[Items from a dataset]
____
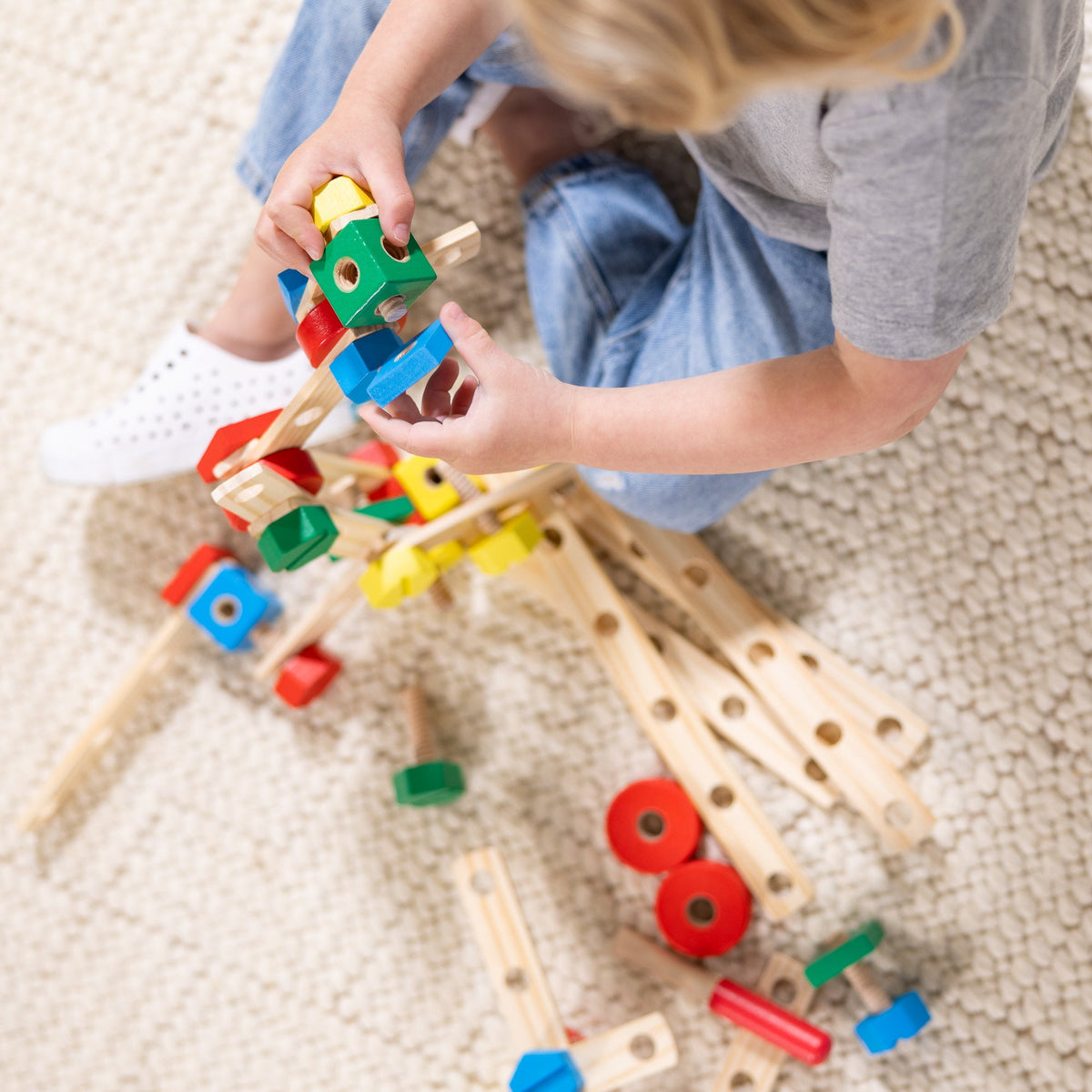 Educational Construction Set in a Box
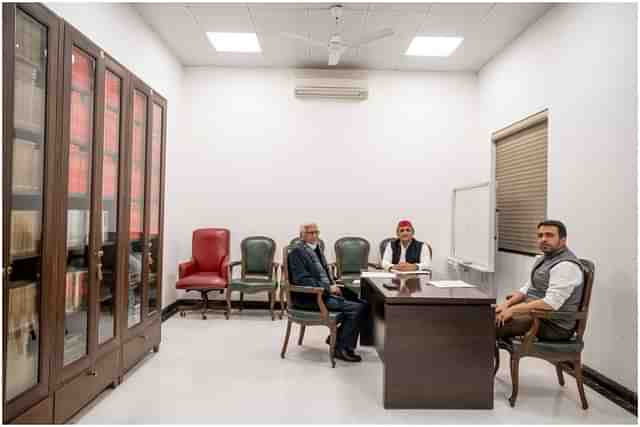 Akhilesh Yadav with Jayant Chaudhary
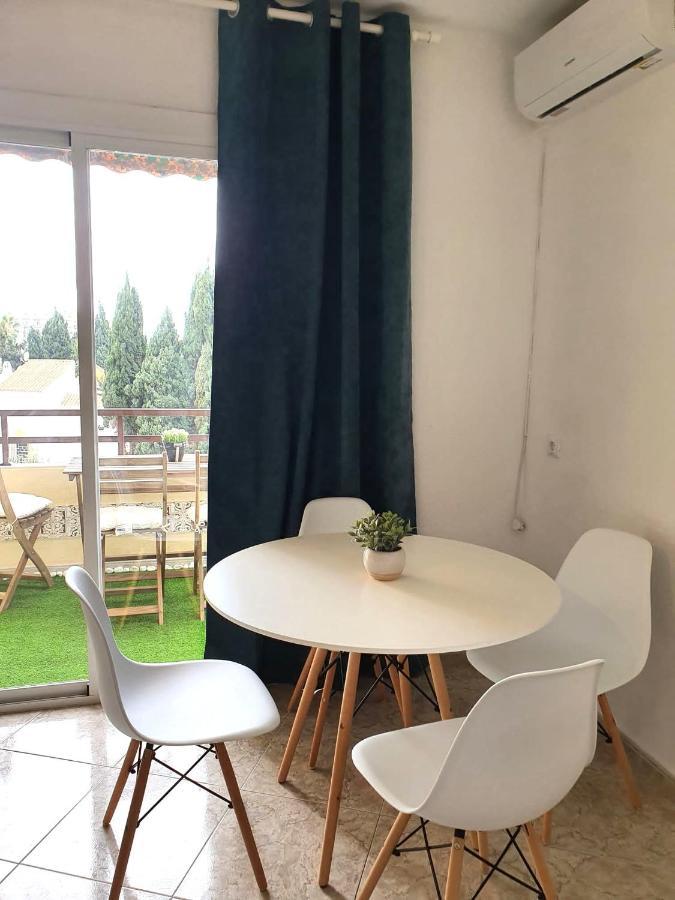 Apartamento Tropical Con Piscina Cerca De La Playa Torremolinos Bagian luar foto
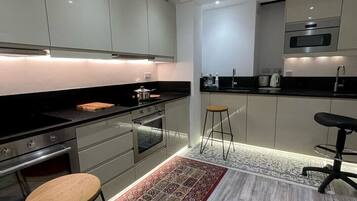Kühlschrank, Mikrowelle, Ofen, Herdplatte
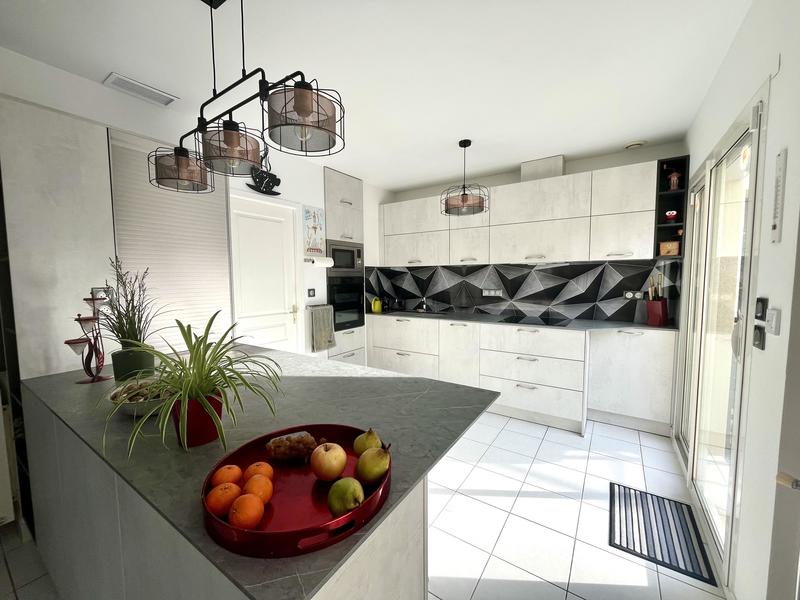 Maison - 130 m² - 4 pièces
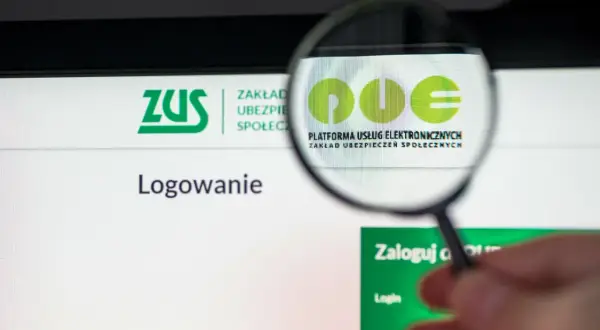 Gdzie sprawdzić historię zatrudnienia? Na ekranie komputera widoczny jest logotyp ZUS i platforma PUE.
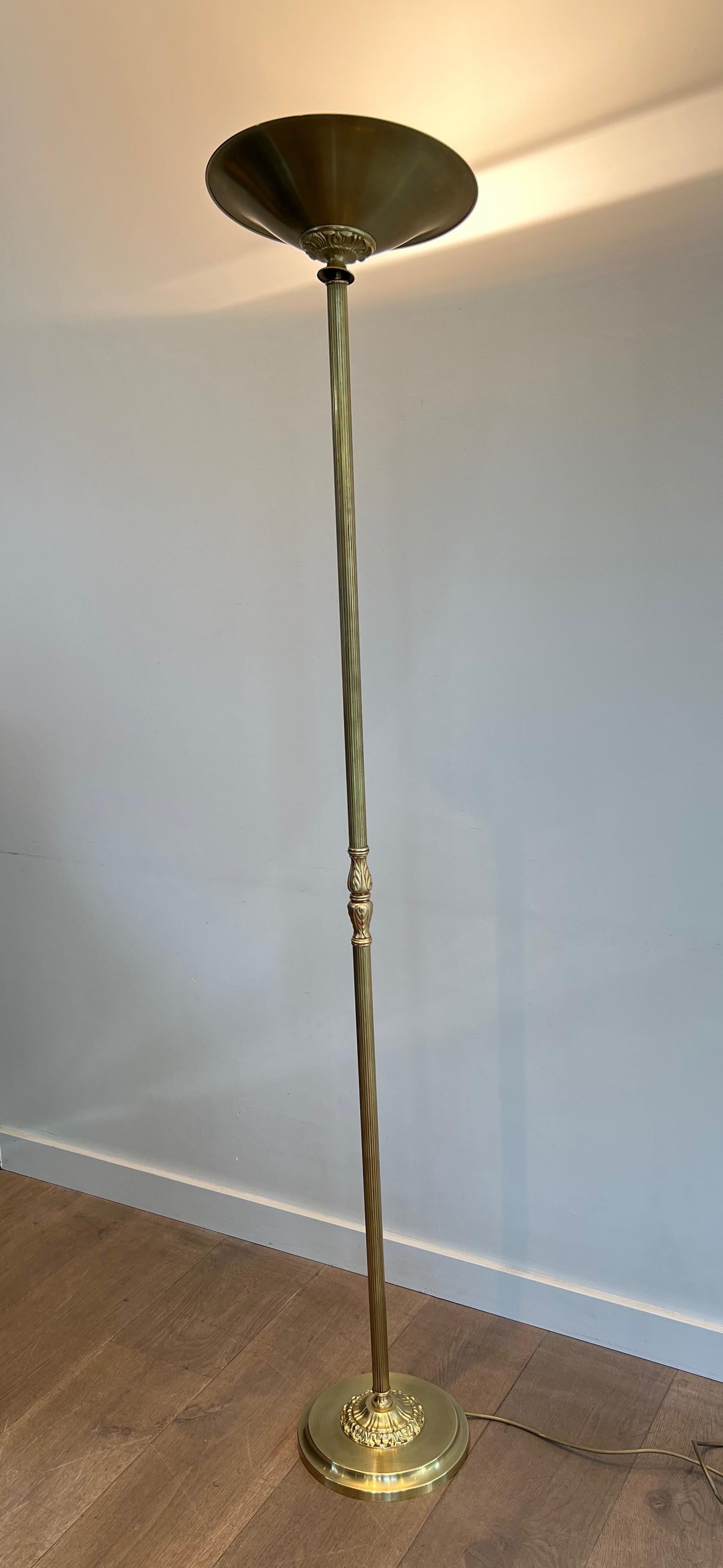 Lámpara de pie de latón de estilo neoclásico con reflector extraíble en venta 7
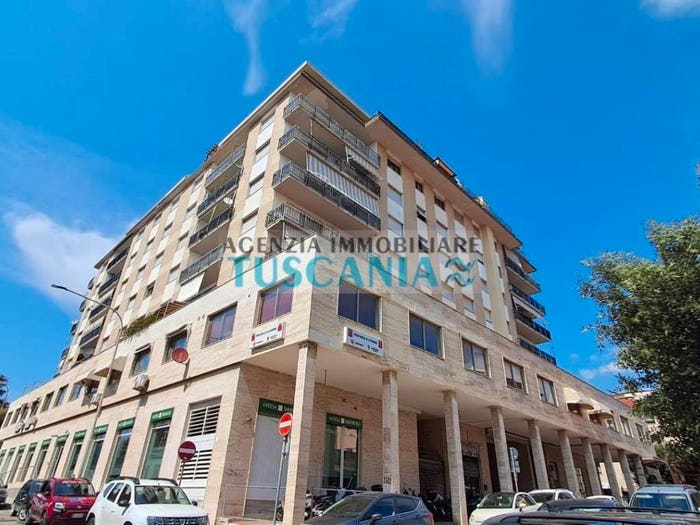 Appartamento con 5 locali in vendita in Piazza della Libertà, Cecina Centro, Cecina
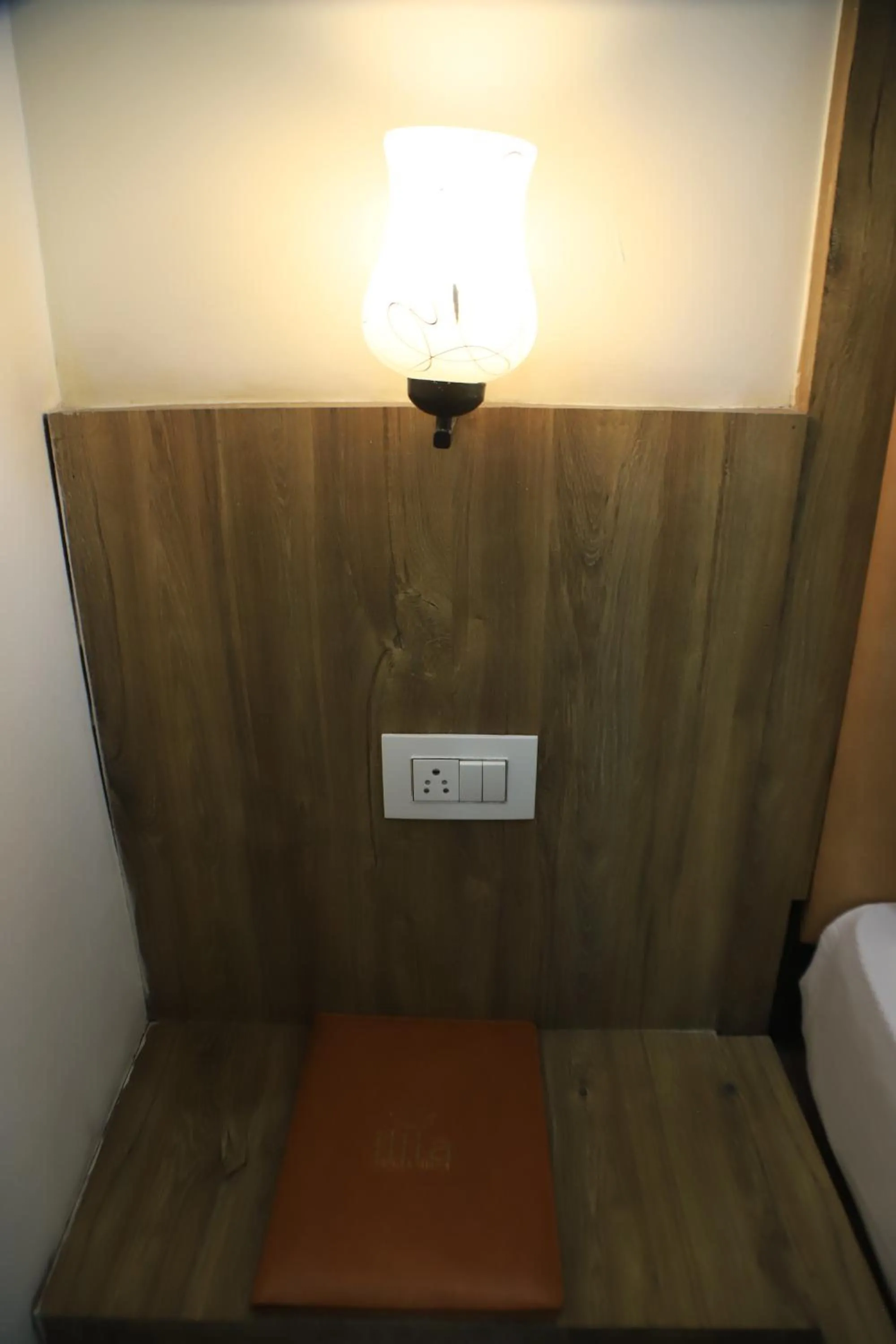 wardrobe, Bed in Corbett Paradiso Resort Dikhuli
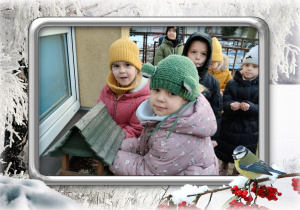 Dzieci wsypują ziarna do karmnika dla ptaków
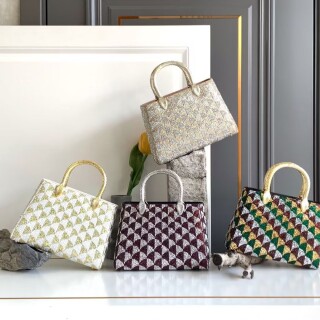 616432865428f55d7161588ae724de10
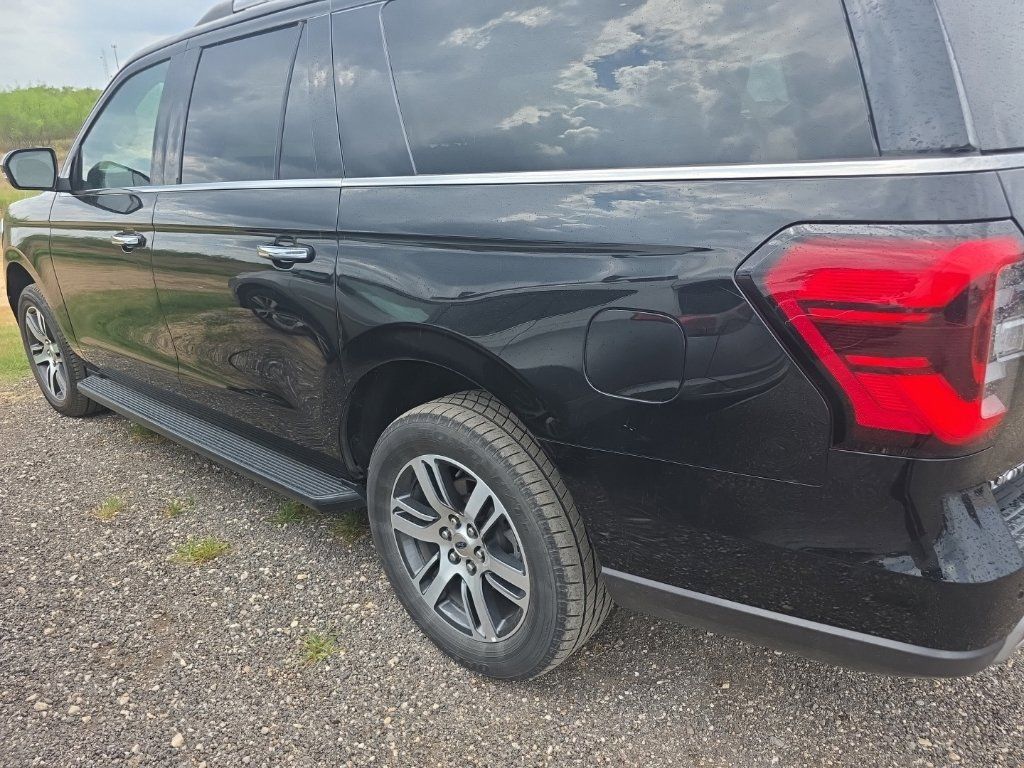 Used 2024 Ford Expedition Max Limited RWD image 3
____
_WHAT IS EXPECTED_
Your output must consist only of the lines from the line with "Lámpara de pie" through the final line of the data, both included, reproduced exactly and free of pictures.

_RESULT OF THE TASK_
 Lámpara de pie de latón de estilo neoclásico con reflector extraíble en venta 7
 Appartamento con 5 locali in vendita in Piazza della Libertà, Cecina Centro, Cecina
 wardrobe, Bed in Corbett Paradiso Resort Dikhuli
 Dzieci wsypują ziarna do karmnika dla ptaków
 616432865428f55d7161588ae724de10
 Used 2024 Ford Expedition Max Limited RWD image 3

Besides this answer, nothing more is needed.